So why do we need another translation?

It is not unusual for the great classics to be retranslated every couple of generations. Language changes and, without worshiping modernity for its own sake, publishers recognize the need to accommodate new readers by using phrasing more closely attuned to their way of speaking. Infelicities will be edited out, such as ‘Andrey spent the evening with a few gay friends’, ‘Natasha went about the house flushing’, ‘he exposed himself on the parade ground’ or ‘he ejaculated with a grimace’; we cannot read these without raising an inappropriate smile. On the other hand, it is most important not to over-modernize. Tempting though it may be, I cannot use popularized phrases like ‘buzzword’, ‘oddball’ or ‘hooliganism’.

Secondly, a translator hopes to squeeze out one or two errors or ambiguities that still linger. Previous translators have missed that an object referred to in a famous Tolstoyan metaphor about things colliding and recoiling is not a ball in flight but a billiard ball on the table; and they all translated the phrase ‘smotret’ ispodlob’ya’ as ‘to look at from under the brows’ when it means to look sullenly or furtively.

But these reasons are hardly enough to justify a new translation. There is one way in which all the existing versions fall short: from Constance Garnett onwards they have been produced by women of a particular social and cultural background (Louise having contributed more than Aylmer to the Maudes’ version), with some resulting flatness and implausibility in the dialogue, especially that between soldiers, peasants and all the lower orders. For example, Pierre, watching as a cannonball crashes down into the Rayevsky redoubt and takes a man’s leg off, hears another soldier call out in response: ‘Ekh! Neskladnaya!’ (III, II, 31). The English versions of this are: ‘Ekh! You beastly thing!’ (Dole); ‘Oh, awkward one!’ (Weiner); ‘Hey, awkward hussy!’ (Garnett); ‘Awkward baggage!’ (Maude); ‘Oh you hussy!’ (Edmonds); ‘Ah, you’re a bungler!’ (Dunnigan). Curiously enough the best is Clara Bell’s: ‘Ah, you brute!’ The original, with connotations of both awkwardness and femininity, is rather difficult to translate, but one thing is certain: no soldier in the heat of battle ever said anything like most of the phrases we have been offered so far.

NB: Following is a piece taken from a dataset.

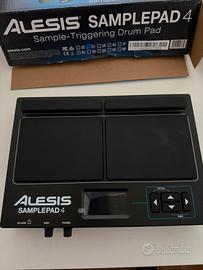 alesis samplepad 4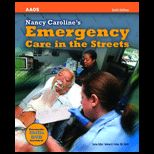 Nancy Carolines Emergency Care in the Streets  Reprint     With DVD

The previous translations also have an excess of niceness and exactitude that can sound jarring to today’s readers. Natasha looks in the mirror and says: ‘Can this be I?’ Lavrushka is sent off ‘in quest of fowls’. More than once we hear that ‘Pierre fell to musing’. Elsewhere someone says: ‘Ay, listen what folks are prating of’. Similarly, there must be better ways of saying: ‘The crushing weight of his arm fell impotent as though spellbound’, or ‘the resolutive moment of battle had come’. Non-existent English exclamations like ‘Ay!’, ‘Ey!’, ‘Ekh!’ or the misused ‘Eh!’ still abound. In such old-fashioned phrasing I have tried to make improvements.


This is not to denigrate the translations that have been enjoyed by millions; it is merely to indicate I follow a general philosophy of translation that is slightly different from what has gone before.